5 posts in 2141 days


01-31-2011 09:14 AM

Topic tags/keywords: finishing

hi guys and gals, i just joined your group, and am looking for a way to darken my new cherry cupboard. i don’t want to use dyes or stains. is there a way to fume the wood, or do i just have to wait a few yars to have the old patina look? i intend to use an oil finish.

-- Kenny


13 replies so far

View Scott Bryan's profile

Scott Bryan

27251 posts in 3288 days


#1 posted 01-31-2011 01:53 PM

Kenny, one of the first things I suggest when I see posts like this is to suggest using scrap pieces to practice on before tackling the project itself. Make yourself a reference board(s) out of cherry sanded to the final grit that you intend for your project and use it to detail the individual finishing steps. This lets you practice on scrap and decide the finish that you are going to apply to the real project.

As far as darkening cherry goes, an oil application such as boiled linseed oil, will tone it somewhat and add an aged look to the wood. But cherry will continue to darken with exposure to light.
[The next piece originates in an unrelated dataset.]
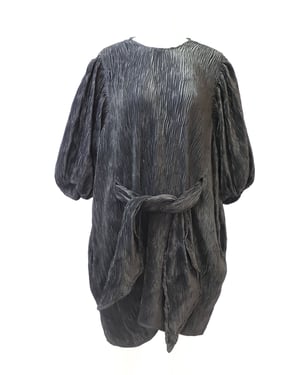 Ganni geplooide jurk met riem in zwarte viscose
One thing that you can do, if you want to avoid chemical darkening, is to expose the wood to direct sunlight before applying your finish. Suntanning works pretty well for aging cherry. A 2 to 3 week exposure will darken the cherry.

If you want to consider a chemical application Alin Dobra posted this blog which details how he uses potassium dichromate to achieve an aged color in cherry. I have not used this as I prefer to simply let cherry age on its own but I have seen other references to it as a means of “aging” cherry.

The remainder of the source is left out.